The seven-day reverse repurchase rate was held at 5.25 per cent on Thursday, in line with the forecasts of 25 of the 28 economists surveyed by Bloomberg.
A total of 100 basis points of rate hikes in the past two months, including a bigger-than-expected half-point increase on June 29, have helped restore some stability to financial markets and enabled Governor Perry Warjiyo and his board to pause for now. Investors have pumped more than US$475 million into government bonds this month following weeks of outflows amid a global emerging market sell-off triggered by rising US interest rates.
While the local currency is down almost 6 per cent against the dollar this year and among the worst performers in Asia, the pace of its slide has slowed. The rupiah dropped 2.4 per cent against the dollar between the first rate hike on May 17 and the third one on June 29, and has been stable since then.
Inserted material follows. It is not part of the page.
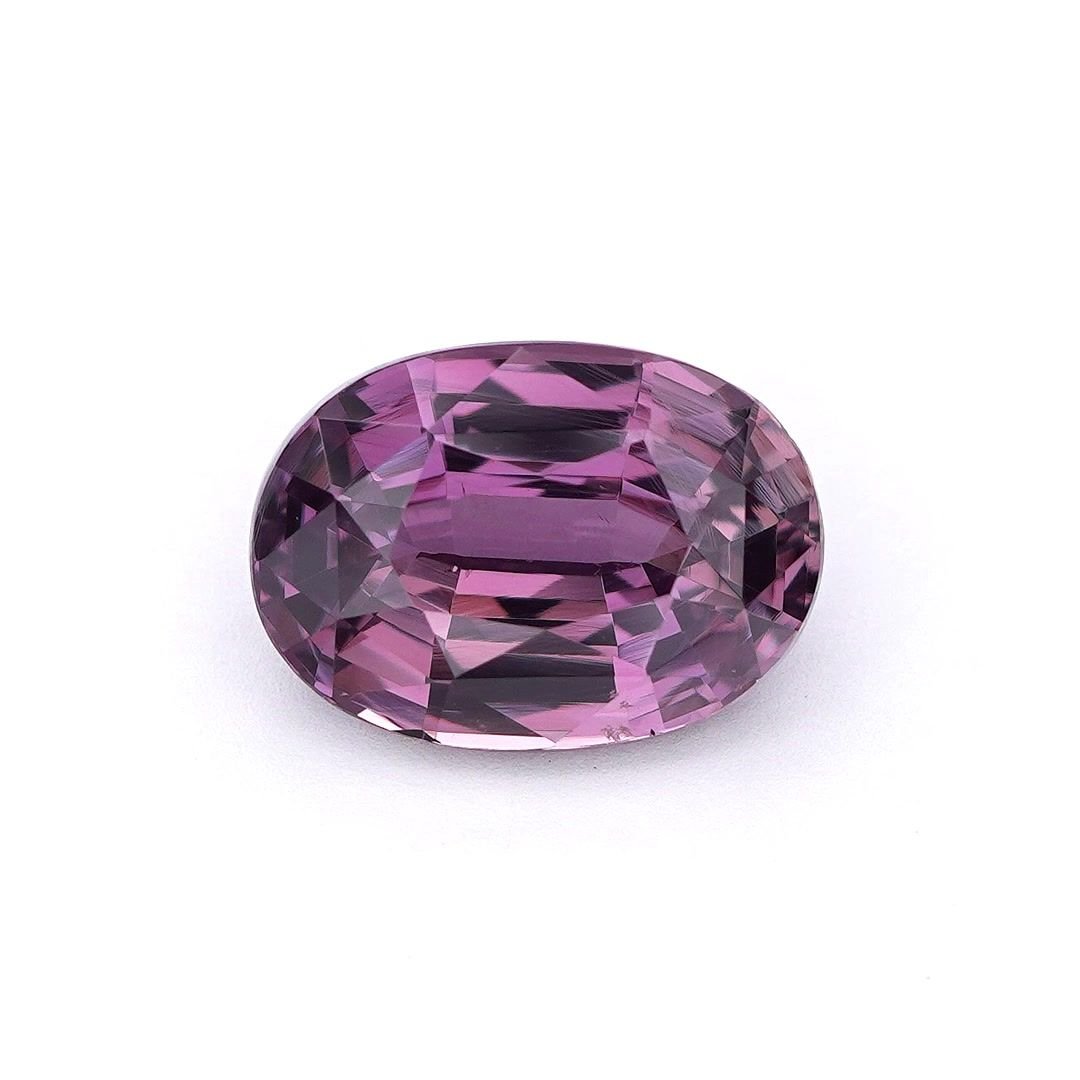 3.28 Carat Pink Oval Sapphire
A benign inflation environment and sluggish growth outlook gives policy makers room to hold off on further rate hikes for now. Consumer price growth eased to 3.1 per cent in June, staying within the central bank's 2.5 per cent to 4.5 per cent target band.
The government has trimmed its economic growth forecast for 2018 to 5.2 per cent from 5.4 per cent, while business groups have warned of the impact of a weaker rupiah and higher borrowing costs.